October Thrills and Chills with Shadows of a Dark Past!

October Thrills and Chills with Shadows of a Dark Past!

I had quite the busy Halloween month meeting people and getting the word out about my latest Jessica Minton novel, Shadows of a Dark Past.  October kicked off  when I joined authors Jean M. Grant and Janet Raye Stevens at the Horseshed Fair in Lancaster, MA.  Some friends showed up expressly to get their copy of Shadows hot off the press.  I also sold copies to new readers as well. It was a beautiful sunny and warm day, setting Jessica and Company’s ghostly adventures off to an exciting start.  Here I am with one of my friends from the Shakespeare Club of Worcester, Becky Spanagel.  It was great of Becky and her husband David to drop by to say hello.  By the way, Yang made that purple blouse with the stars and moons that I’m wearing!

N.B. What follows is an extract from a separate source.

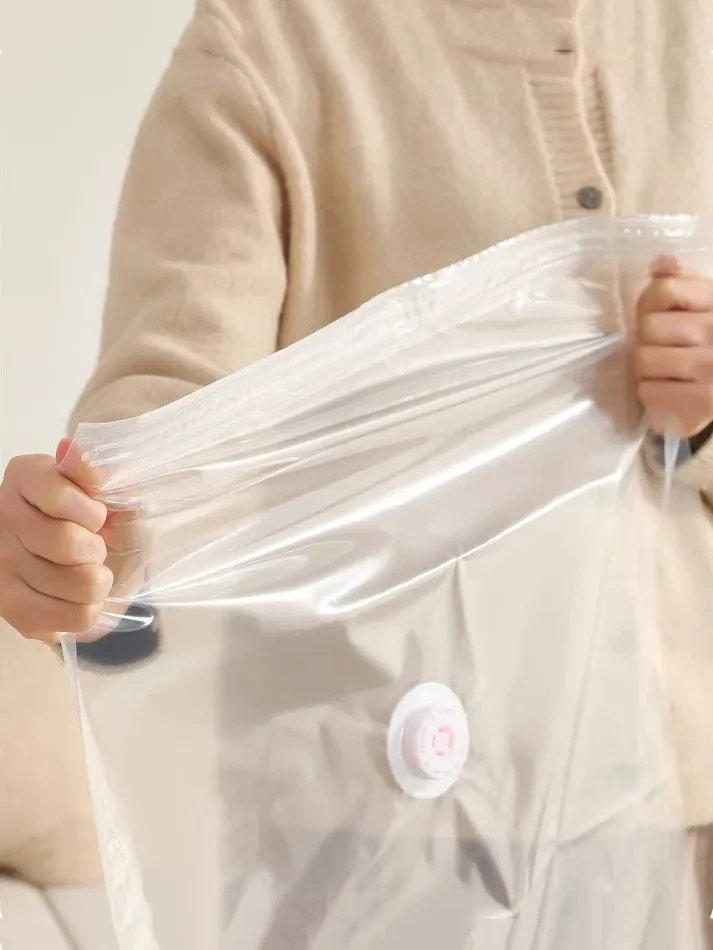 Sac de rangement sous vide, organisation du placard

Next on the agenda was a Sisters in Crime New England Mystery Making Night at the West Boylston Library, also in Mass.  I had the privilege of working with two good buddies, Janet Raye Stevens and Carol Goodman Kaufman.  I joked to them that with me (Sharon Healy Yang) joining them, it looked as if it was a requirement to have three names to be on the panel .  We had a ball weaving the suggestions of our audience into a tale of murder on a cruise ship involving an ice pick, secret identities, and ice cream.  You had to be there.  I decided to combine the holiday ambience with my 1940s fashions to wear a black and white pin-striped suit, autumn gold blouse, and peaked chapeau that is two-parts wicked witch and two parts 1943 fashion!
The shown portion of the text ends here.